- [What the task asks]:
Restate the listing below word for word, and leave its pictures behind.

(Beginning of Data block)

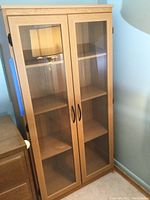 Front view of wooden display cabinet with glass doors, showing interior shelves and black handles.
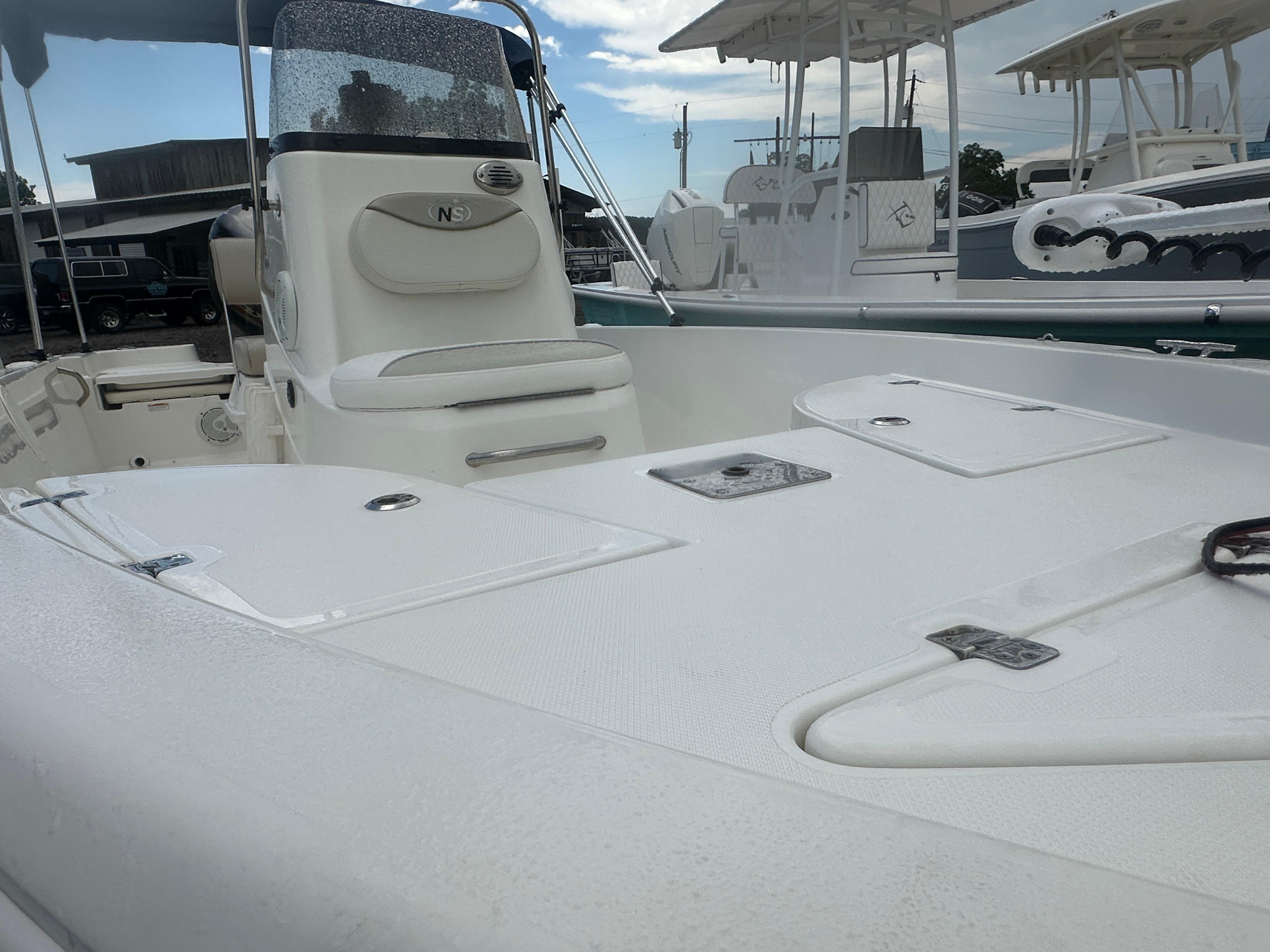 Slide: The Image of 2015 NauticStar 1810 NauticBay boat interior with seating and storage compartments. - 17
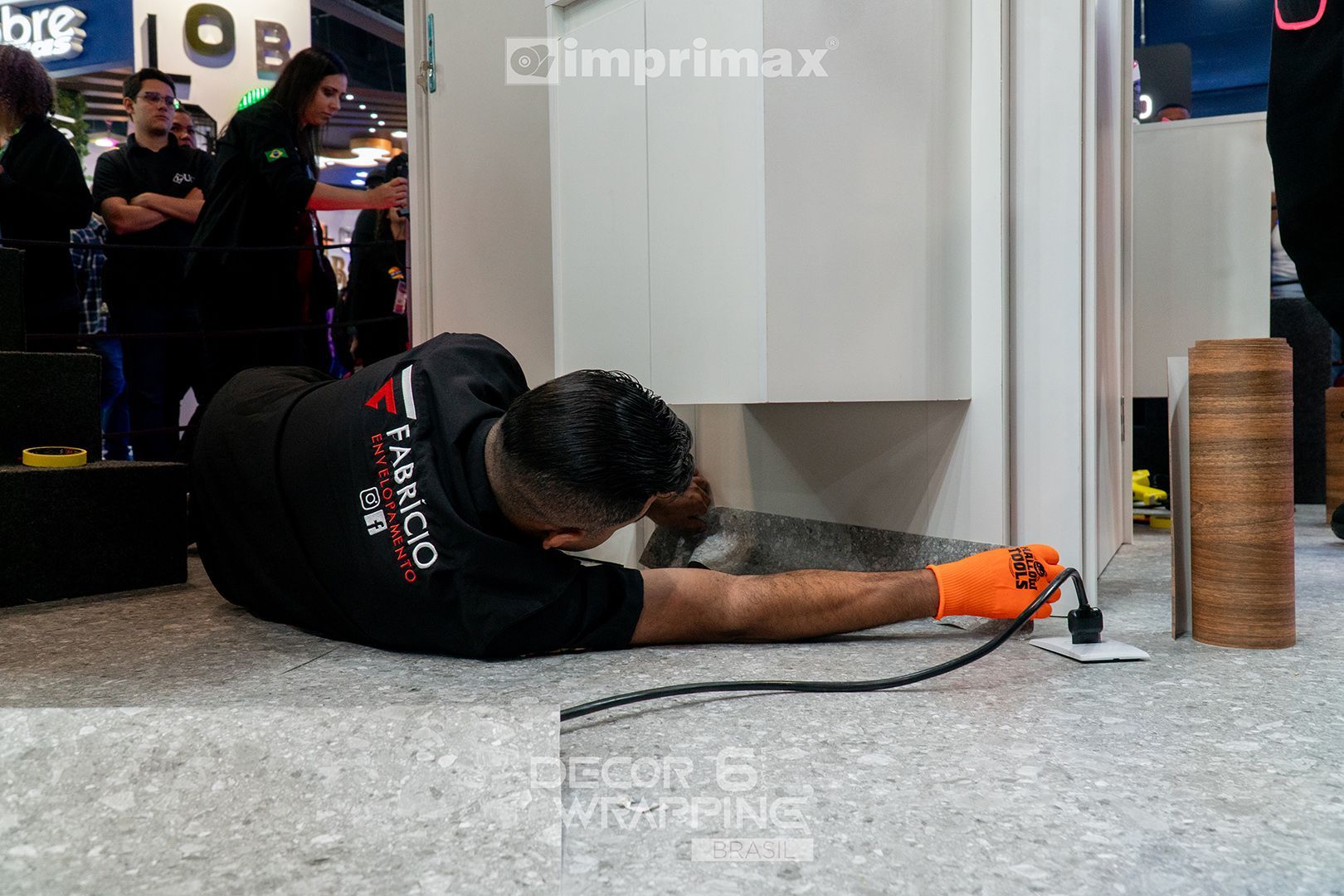 Um funcionário com camisa preta e luva laranja utiliza uma ferramenta de aquecimento no chão próximo a uma estrutura de exibição branca.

(End of Data block)

- [Solved problem]:
 Front view of wooden display cabinet with glass doors, showing interior shelves and black handles.
 Slide: The Image of 2015 NauticStar 1810 NauticBay boat interior with seating and storage compartments. - 17
 Um funcionário com camisa preta e luva laranja utiliza uma ferramenta de aquecimento no chão próximo a uma estrutura de exibição branca.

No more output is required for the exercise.